Letter: Freedom ring
I dropped off my ballot at the mailbox recently, and felt a moment of pride to be an American. There are plenty of so-called “democracies” that send government troops to polling places to intimidate, beat, or even maim opposition voters.
Here, we can disagree about almost everything, but still respect the opinions of our fellow citizens, and the peace and stability of the nation as a whole. If we cannot negotiate our differences, we can resolve them in free elections.
The Declaration of Independence was signed on July 4, 1776. It took 12 more years to construct the blueprint for our new country – the Constitution – and another six months to complete the Bill of Rights (the first 10 amendments to the Constitution) that were designed to protect individual citizens from the abuse of power by the government.
Before freedom of speech, before trial by jury, before the right to bear arms – before anything else – the first words of the First Amendment gave us the right to freedom of religion. Why was this gift so important?
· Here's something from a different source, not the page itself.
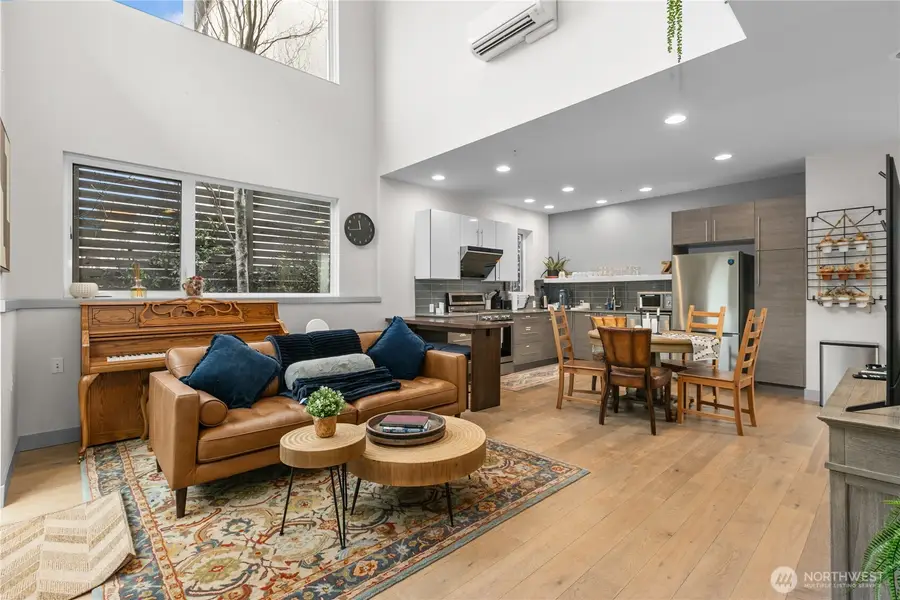 4329 Woodland Park Avenue N, Seattle, WA 98103 - Image #3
Our founding fathers, who were well-educated, politically astute, and very aware of history, wanted to protect us from religious wars, civil strife, crusades, inquisitions, the persecution of heretics, and the criminal prosecution and violent punishment of “sins” (as they may be defined by any particular religious group).
We ourselves have seen a relatively moderate Islam radicalized by the Ayatollah Khomeini, the Taliban, and IS, leading millions of devout followers who believe they are doing God’s work. The resulting devastation and suffering may never end.
We are now facing some monumentally important choices in our upcoming elections. Do we want an American Inquisition, led by a fundamentalist President, supported by a fundamentalist Congress and tolerated by Supreme Court happy to turn a blind eye? Or does the word “freedom” still ring? Vote carefully.